To strip Exif from images embedded in a PDF, we would need to:

  1. Parse the PDF structure.
  2. Extract each embedded image.
  3. Strip Exif from each image individually.
  4. Re-embed the cleaned images back into the PDF.

This is a much more complex task and requires a dedicated PDF library to manipulate PDF internals.

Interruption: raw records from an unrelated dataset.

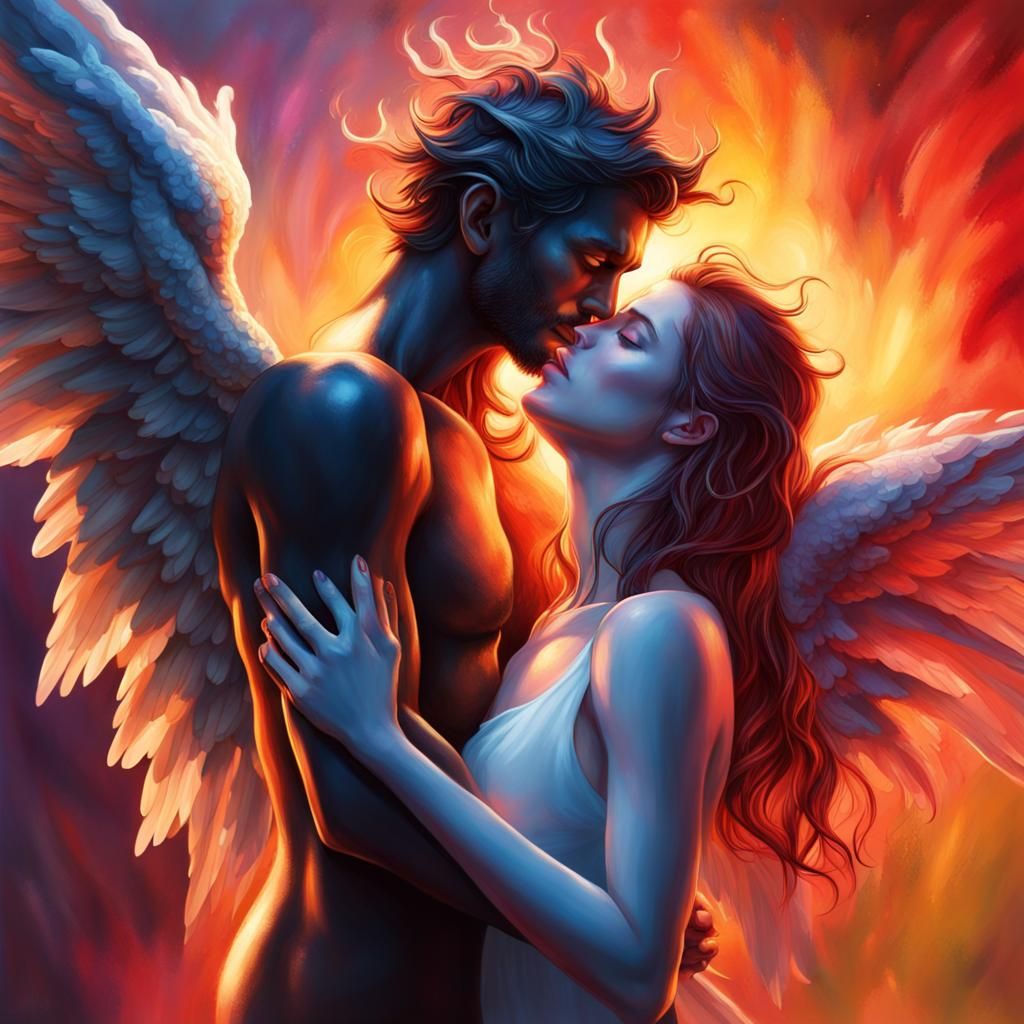 Angel and demon in love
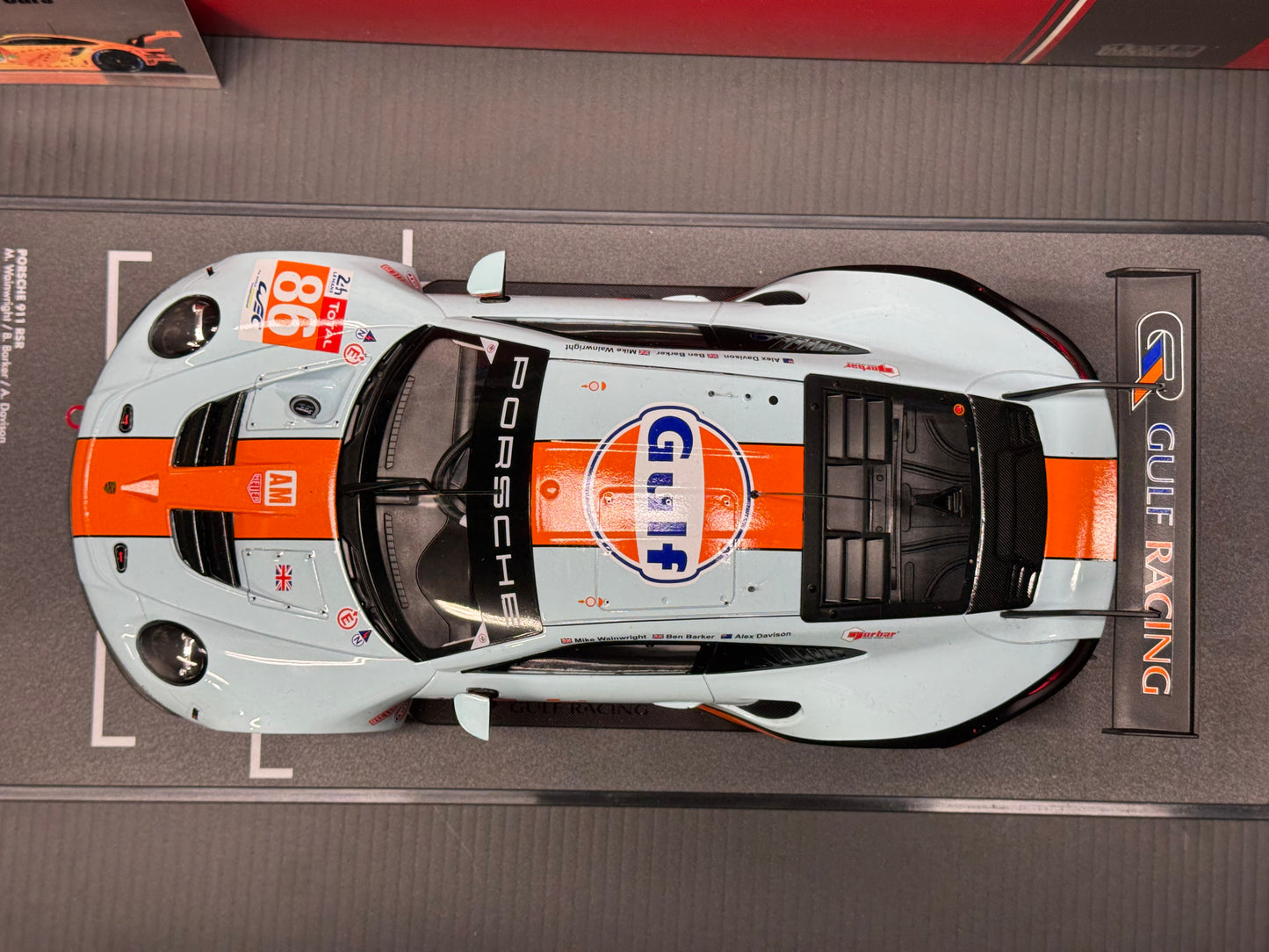 1/18 Scale IXO 911 GT3 RSR 991 24h of Le Mans 2018 #86 Gulf Livery Diecast Model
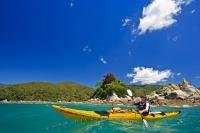 There are a number of ways to explore the pristine coastal wonderland of Abel Tasman National Park situated on the South Island of New Zealand, but kayaking is one of the best.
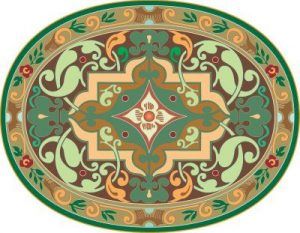 Silueta ornamental011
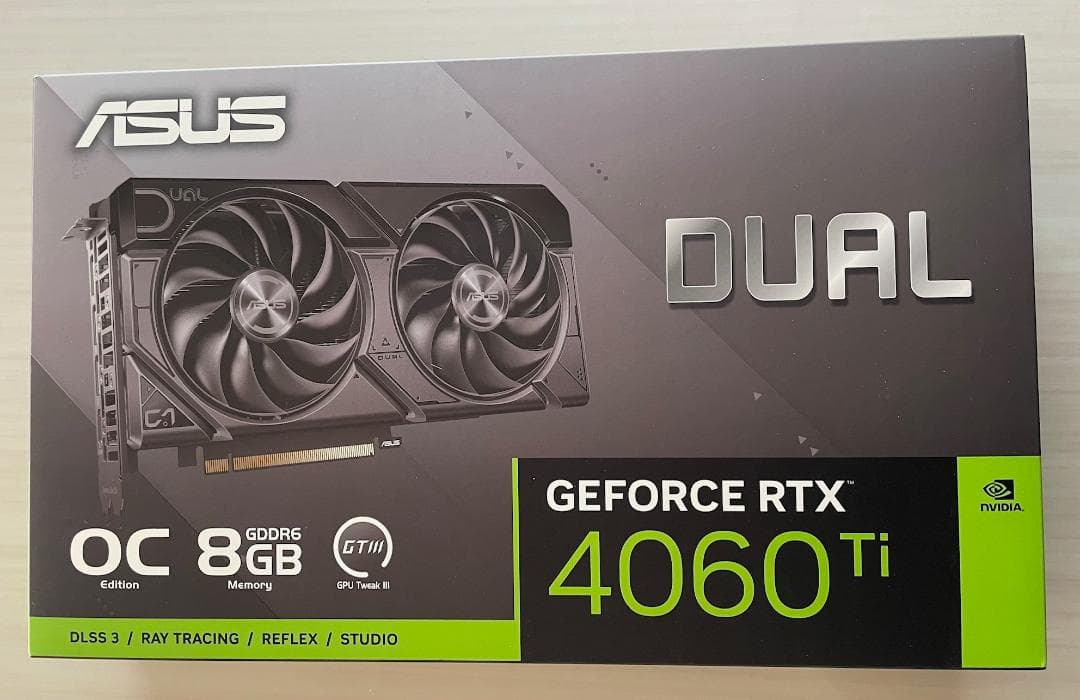 【新品・未開封】ASUS Dual GeForce RTX 4060 Ti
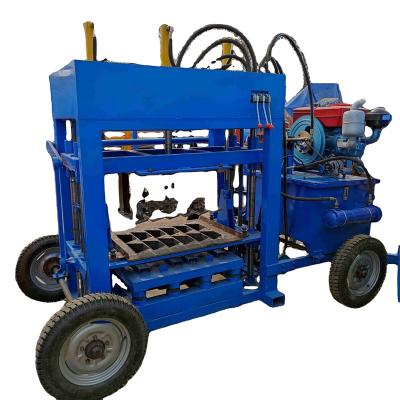 China Building Material Shops hyper press lime sand brick making machine qtj4---26 mobile automatic concrete block production line for sale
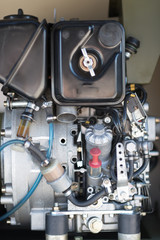 Fototapeta na wymiar diesel engine close up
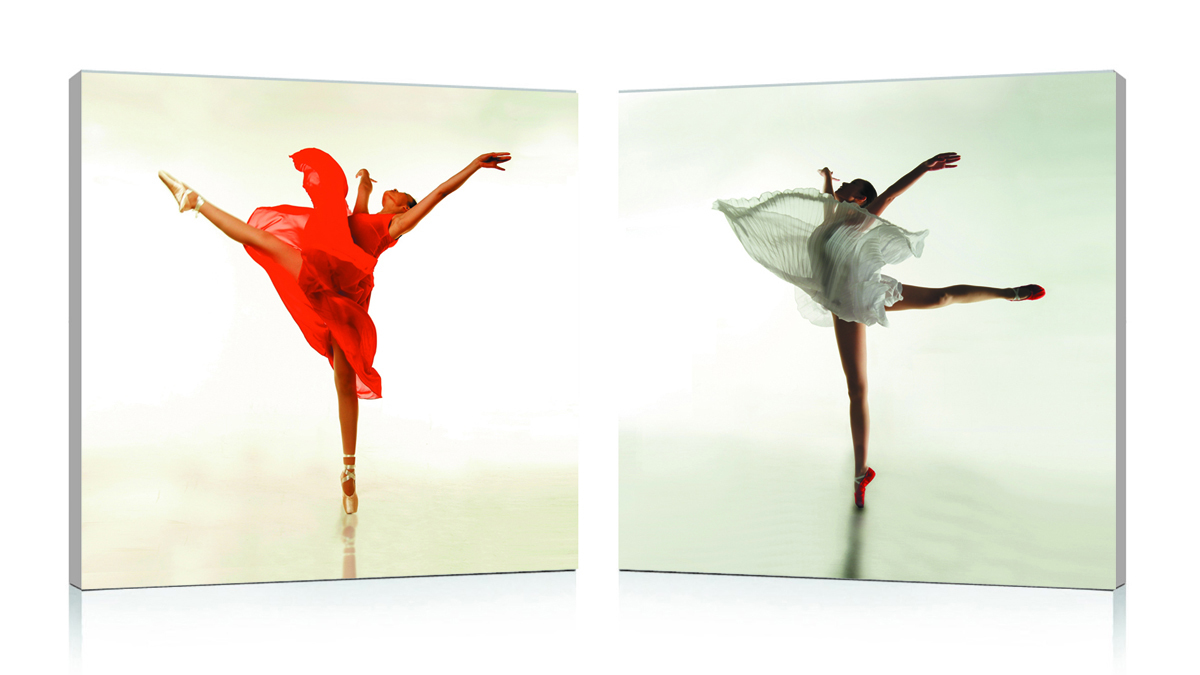 Tableau moderne Dancer (lot de 2)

The current stream-based approach is not sufficient for this.

The fix for now is preventing pdfs from going through this flow altogether.

Issue(s)

https://rocketchat.atlassian.net/browse/SUP-833

Steps to test or reproduce

I used the following python script in Google Colab to generate a minimal pdf file that triggers the issue:

!pip install pillow piexif pymupdf
import fitz  # PyMuPDF
import piexif
from PIL import Image

# Step 1: Create a JPEG with EXIF (or use your own)
img = Image.new('RGB', (400, 300), color='blue')
exif_dict = {"0th": {piexif.ImageIFD.Artist: u"Test Artist"}}
exif_bytes = piexif.dump(exif_dict)
img.save("exif_test.jpg", exif=exif_bytes)
jpeg_path = "exif_test.jpg"  # Or use your own JPEG file with EXIF

# Step 2: Create a PDF and embed the JPEG as an image XObject
doc = fitz.open()
page = doc.new_page(width=600, height=800)
rect = fitz.Rect(100, 100, 500, 400)

with open(jpeg_path, "rb") as f:
    img_bytes = f.read()

# Embed the JPEG as-is (preserves EXIF)
page.insert_image(rect, stream=img_bytes)

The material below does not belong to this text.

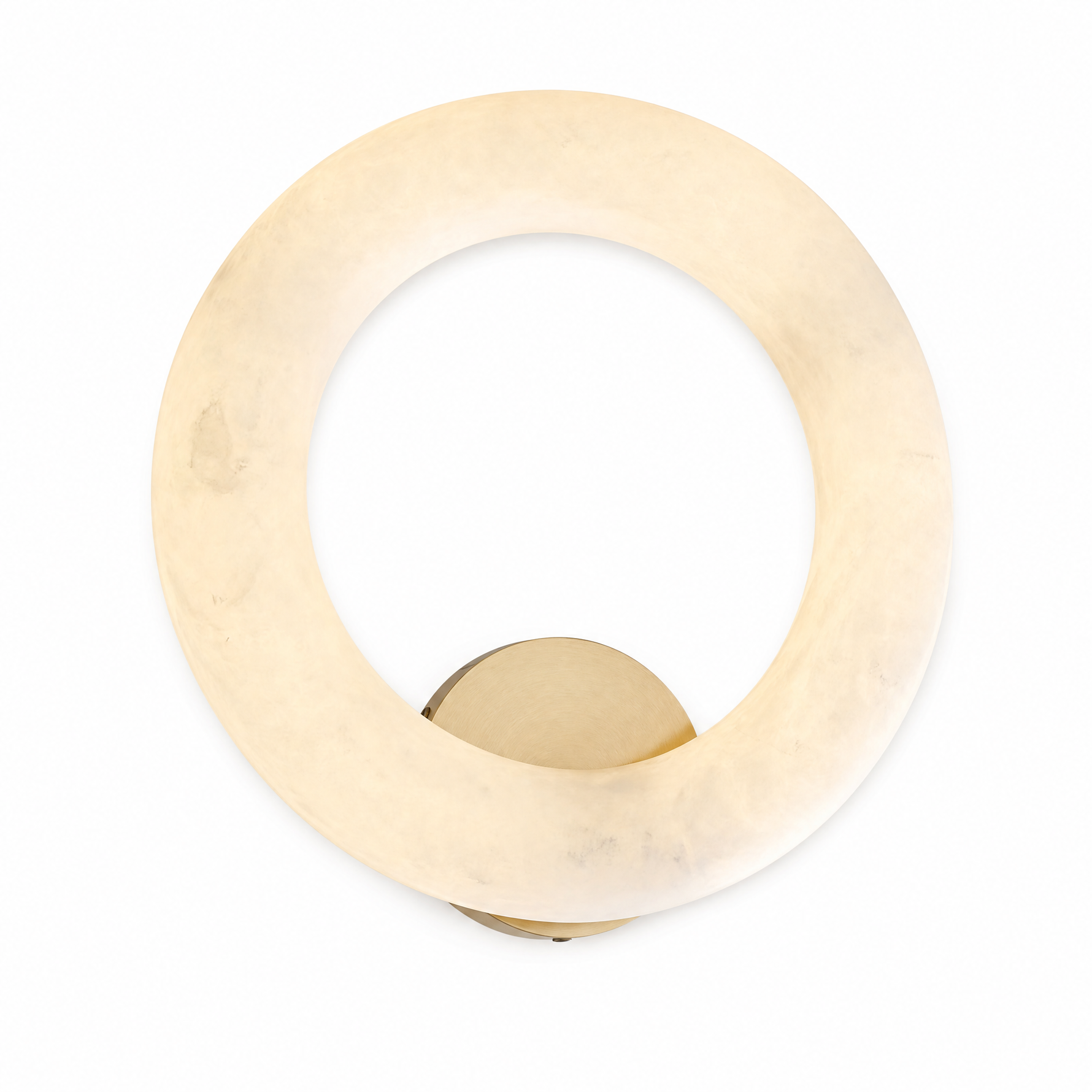 Halo Ring Glowing Ring Alabaster Wall Sconce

doc.save("test_exif_embed.pdf")
print("PDF with embedded EXIF image generated: test_exif_embed.pdf")

Further comments

@changeset-bot
Copy link

changeset-bot bot commented Aug 5, 2025

⚠️ No Changeset found

Latest commit: 64b1246

Merging this PR will not cause a version bump for any packages. If these changes should not result in a new version, you're good to go. If these changes should result in a version bump, you need to add a changeset.

This PR includes no changesets

When changesets are added to this PR, you'll see the packages that this PR includes changesets for and the associated semver types

Click here to learn what changesets are, and how to add one.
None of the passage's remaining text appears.